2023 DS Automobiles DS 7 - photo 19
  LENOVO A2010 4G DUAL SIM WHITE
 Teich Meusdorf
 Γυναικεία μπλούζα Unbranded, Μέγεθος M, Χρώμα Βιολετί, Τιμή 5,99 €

--

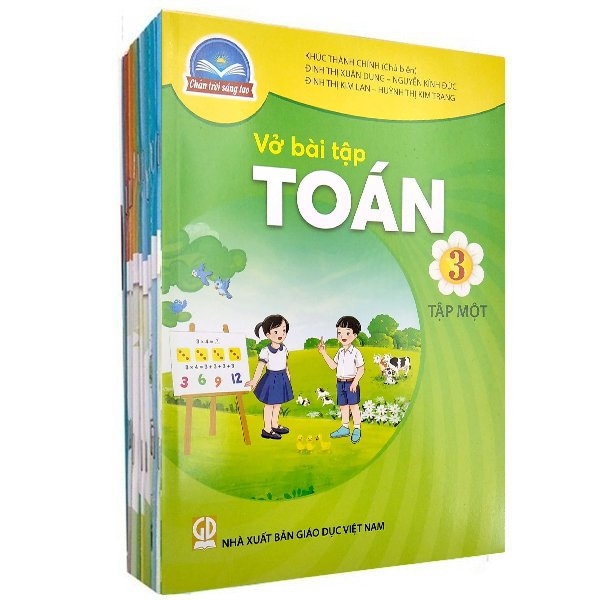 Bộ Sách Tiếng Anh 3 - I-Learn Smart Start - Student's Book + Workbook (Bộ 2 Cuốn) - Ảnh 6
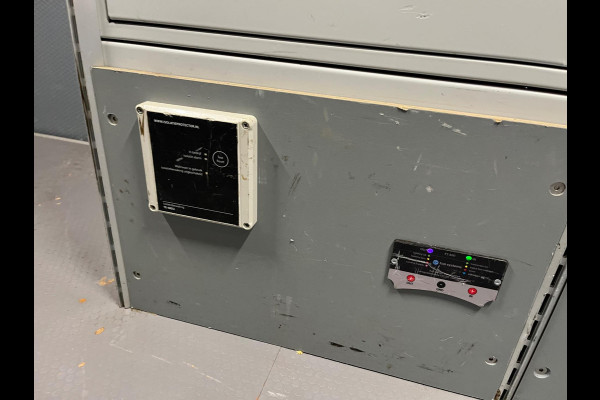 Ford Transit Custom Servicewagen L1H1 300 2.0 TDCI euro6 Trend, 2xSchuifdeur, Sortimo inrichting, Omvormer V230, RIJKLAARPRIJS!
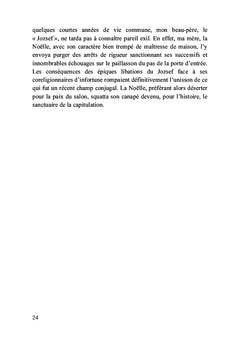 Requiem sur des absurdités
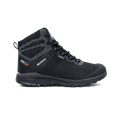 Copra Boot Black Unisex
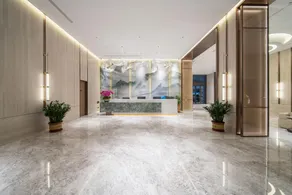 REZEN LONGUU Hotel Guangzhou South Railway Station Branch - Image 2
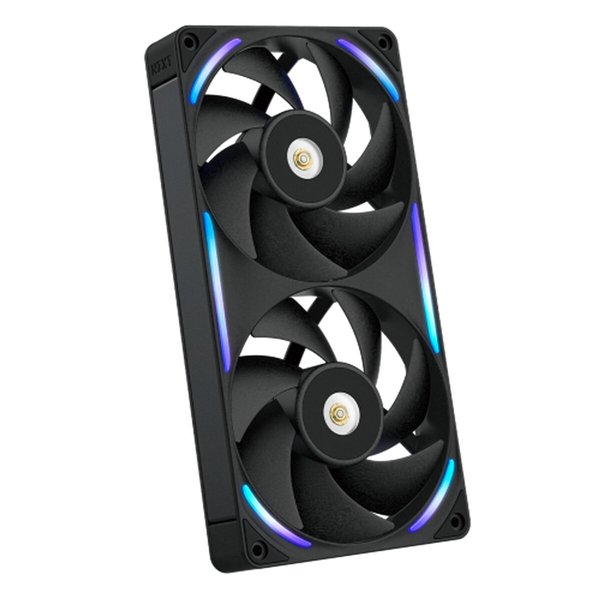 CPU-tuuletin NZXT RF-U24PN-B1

Exercise objective - What belongs in the answer is each line above from the line with "Requiem sur des absurdités" to the line with "CPU-tuuletin NZXT RF-U24PN-B1", inclusive, reproduced exactly and free of pictures.

Result of this task -
 Requiem sur des absurdités
 Copra Boot Black Unisex
 REZEN LONGUU Hotel Guangzhou South Railway Station Branch - Image 2
 CPU-tuuletin NZXT RF-U24PN-B1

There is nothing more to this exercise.